Vector Search

QueryMode supports vector similarity search on embedding columns stored in Lance format. Searches use WASM SIMD for acceleration and HNSW or IVF-PQ indexes when available.

DataFrame API

// Search with a raw vector
const similar = await qm
  .table("images")
  .vector("embedding", queryVector, 10)
  .select("id", "title")
  .collect()

// Search with text (requires encoder)
const similar = await qm
  .table("articles")
  .vector("embedding", "climate change solutions", 10, {
    encoder: async (text) => myModel.encode(text),
    metric: "cosine",
  })
  .collect()

Parameters

Parameter	Type	Description
`column`	`string`	Column containing `Float32Array` embeddings
`queryVector`	`Float32Array \| string`	Query vector or text (text requires `encoder`)
`topK`	`number`	Number of nearest neighbors to return
`opts.metric`	`"cosine" \| "l2" \| "dot"`	Distance metric (default: `"cosine"`)
`opts.encoder`	`(text: string) => Promise<Float32Array>`	Text-to-vector encoder for string queries
`opts.nprobe`	`number`	IVF-PQ tuning: number of partitions to probe
`opts.efSearch`	`number`	HNSW tuning: search beam width

SQL

SELECT id, title FROM articles
WHERE embedding NEAR [0.1, 0.2, 0.3, ...] TOPK 10

The NEAR operator performs vector similarity search. TOPK limits results to the K nearest neighbors.

Distance metrics

Metric	Description	Best for
`cosine`	Cosine similarity (default)	Text embeddings, normalized vectors
`l2`	Euclidean distance	Spatial data, unnormalized vectors
`dot`	Dot product	When vectors are pre-normalized

Index types

Flat (no index)

Without an index, QueryMode performs brute-force SIMD-accelerated distance computation across all vectors. Fast for datasets under ~100K vectors.

IVF-PQ (load pre-built)

IVF-PQ (Inverted File with Product Quantization) indexes can be loaded from R2 for search:

IVF partitions vectors into clusters. At query time, only nprobe clusters are searched.
PQ compresses vectors into compact codes, reducing memory and I/O.
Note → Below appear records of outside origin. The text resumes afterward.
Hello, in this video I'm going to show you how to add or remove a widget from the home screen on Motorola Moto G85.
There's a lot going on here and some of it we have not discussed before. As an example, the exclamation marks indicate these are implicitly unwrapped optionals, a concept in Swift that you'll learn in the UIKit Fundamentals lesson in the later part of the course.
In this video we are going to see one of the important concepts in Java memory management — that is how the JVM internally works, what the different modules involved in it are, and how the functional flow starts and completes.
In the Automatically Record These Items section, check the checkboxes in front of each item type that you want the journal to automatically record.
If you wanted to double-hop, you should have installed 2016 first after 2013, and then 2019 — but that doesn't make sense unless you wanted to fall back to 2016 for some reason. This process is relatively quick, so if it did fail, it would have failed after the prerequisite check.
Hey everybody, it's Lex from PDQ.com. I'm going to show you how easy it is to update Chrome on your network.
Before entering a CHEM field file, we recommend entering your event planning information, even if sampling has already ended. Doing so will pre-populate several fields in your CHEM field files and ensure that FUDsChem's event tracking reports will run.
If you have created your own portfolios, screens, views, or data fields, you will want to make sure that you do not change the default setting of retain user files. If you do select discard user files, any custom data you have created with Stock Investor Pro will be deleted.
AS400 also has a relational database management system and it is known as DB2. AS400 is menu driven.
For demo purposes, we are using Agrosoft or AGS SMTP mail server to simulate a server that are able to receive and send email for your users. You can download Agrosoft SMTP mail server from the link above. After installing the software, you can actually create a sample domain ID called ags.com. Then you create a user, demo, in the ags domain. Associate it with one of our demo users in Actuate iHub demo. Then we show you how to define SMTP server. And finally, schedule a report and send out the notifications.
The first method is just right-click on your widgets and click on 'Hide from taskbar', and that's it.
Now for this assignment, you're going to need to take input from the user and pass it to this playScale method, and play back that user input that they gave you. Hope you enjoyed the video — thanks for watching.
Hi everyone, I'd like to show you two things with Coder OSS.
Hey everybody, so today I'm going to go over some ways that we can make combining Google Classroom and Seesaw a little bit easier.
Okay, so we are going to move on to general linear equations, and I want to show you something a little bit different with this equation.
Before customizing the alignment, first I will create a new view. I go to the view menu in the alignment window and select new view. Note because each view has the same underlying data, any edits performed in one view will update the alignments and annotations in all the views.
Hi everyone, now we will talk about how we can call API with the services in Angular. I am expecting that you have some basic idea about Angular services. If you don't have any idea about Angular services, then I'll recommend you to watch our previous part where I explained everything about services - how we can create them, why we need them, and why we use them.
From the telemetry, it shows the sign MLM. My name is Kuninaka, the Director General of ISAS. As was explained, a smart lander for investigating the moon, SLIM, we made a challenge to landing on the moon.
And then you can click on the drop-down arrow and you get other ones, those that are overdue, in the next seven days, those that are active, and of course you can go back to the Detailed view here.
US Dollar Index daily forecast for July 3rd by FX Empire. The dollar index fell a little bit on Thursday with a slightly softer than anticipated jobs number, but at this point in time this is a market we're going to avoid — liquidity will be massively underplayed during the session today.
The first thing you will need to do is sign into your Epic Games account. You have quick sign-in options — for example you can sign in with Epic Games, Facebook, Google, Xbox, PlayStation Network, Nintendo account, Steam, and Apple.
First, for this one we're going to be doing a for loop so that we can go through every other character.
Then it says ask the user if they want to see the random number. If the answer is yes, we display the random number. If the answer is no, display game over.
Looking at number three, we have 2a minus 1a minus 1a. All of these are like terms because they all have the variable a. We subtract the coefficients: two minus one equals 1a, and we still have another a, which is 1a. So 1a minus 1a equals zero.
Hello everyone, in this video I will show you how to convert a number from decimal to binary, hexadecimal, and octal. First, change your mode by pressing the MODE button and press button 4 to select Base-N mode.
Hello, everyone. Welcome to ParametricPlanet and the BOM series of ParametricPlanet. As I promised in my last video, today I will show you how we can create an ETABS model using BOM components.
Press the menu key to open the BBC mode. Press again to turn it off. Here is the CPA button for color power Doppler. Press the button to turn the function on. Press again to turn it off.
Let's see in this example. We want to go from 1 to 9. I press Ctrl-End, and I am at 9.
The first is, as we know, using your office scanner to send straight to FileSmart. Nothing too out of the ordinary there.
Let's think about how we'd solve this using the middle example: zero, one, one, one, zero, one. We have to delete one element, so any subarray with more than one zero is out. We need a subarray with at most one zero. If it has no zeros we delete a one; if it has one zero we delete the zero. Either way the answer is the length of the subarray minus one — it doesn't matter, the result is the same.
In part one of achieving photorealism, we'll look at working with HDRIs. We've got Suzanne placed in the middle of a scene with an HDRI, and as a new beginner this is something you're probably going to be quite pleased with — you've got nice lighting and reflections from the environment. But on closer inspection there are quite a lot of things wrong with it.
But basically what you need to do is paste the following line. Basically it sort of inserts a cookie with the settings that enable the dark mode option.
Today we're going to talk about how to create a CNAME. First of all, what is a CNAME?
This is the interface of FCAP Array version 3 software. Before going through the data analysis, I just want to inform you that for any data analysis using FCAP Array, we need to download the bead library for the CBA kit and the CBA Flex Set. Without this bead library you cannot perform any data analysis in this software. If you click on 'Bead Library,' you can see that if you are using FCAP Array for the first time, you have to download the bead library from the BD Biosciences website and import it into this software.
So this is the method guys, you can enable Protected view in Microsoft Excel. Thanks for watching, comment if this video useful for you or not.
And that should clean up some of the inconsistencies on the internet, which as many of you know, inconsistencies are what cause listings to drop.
IVF-PQ indexes must be built externally (e.g. with LanceDB or FAISS) and stored in R2 alongside the data. QueryMode loads and searches them via the WASM engine. For indexes you can build directly in QueryMode, use HNSW.

HNSW

For datasets where you need fast approximate nearest neighbor search with high recall, build an HNSW (Hierarchical Navigable Small World) index:

import { HnswIndex } from "querymode"

// Build index
const index = new HnswIndex({
  dim: 128,
  metric: "cosine",
  M: 16,              // max connections per node (default: 16)
  efConstruction: 200, // construction beam width (default: 200)
})

// Add vectors one at a time
index.add(0, vec0)
index.add(1, vec1)

// Or batch add from a contiguous Float32Array
const allVectors = new Float32Array(1000 * 128) // 1000 vectors, 128 dims
index.addBatch(allVectors, 128)

// Search
const { indices, scores } = index.search(queryVec, 10, /* efSearch */ 50)
// indices: Uint32Array of nearest neighbor IDs
// scores: Float32Array of distances (lower = more similar)

HNSW tuning

Parameter	Default	Effect
`M`	16	Higher = better recall, more memory. 12-48 typical.
`efConstruction`	200	Higher = better index quality, slower build. 100-400 typical.
`efSearch`	topK	Higher = better recall at query time, slower search. Set to 2-4x topK.

Serialization

HNSW indexes can be serialized to binary for storage (R2, disk) and deserialized on load:

// Save
const binary: ArrayBuffer = index.serialize()
await bucket.put("indexes/embeddings.hnsw", binary)

// Load
const data = await bucket.get("indexes/embeddings.hnsw")
const restored = HnswIndex.deserialize(await data.arrayBuffer(), "cosine")
const results = restored.search(queryVec, 10)

IVF-PQ vs HNSW

	IVF-PQ	HNSW
Speed	Fast (quantized distances)	Fast (graph traversal)
Memory	Low (compressed codes)	High (full vectors + graph)
Recall	Good with enough probes	Excellent
Build time	External (k-means training)	Incremental (add one at a time)
Build in QueryMode	No (load pre-built)	Yes (`HnswIndex`)
Best for	Large datasets (>1M vectors)	Medium datasets (<1M vectors)

Combining with filters

Vector search composes with all other DataFrame operations:

const results = await qm
  .table("products")
  .filter("category", "eq", "electronics")
  .filter("price", "lt", 1000)
  .vector("embedding", queryVec, 20, { metric: "l2" })
  .select("id", "name", "price")
  .collect()

Vector search runs across all matching fragments. When combined with filters, both are applied during the scan phase — the query engine evaluates filter predicates and vector distances together to return filtered nearest neighbors.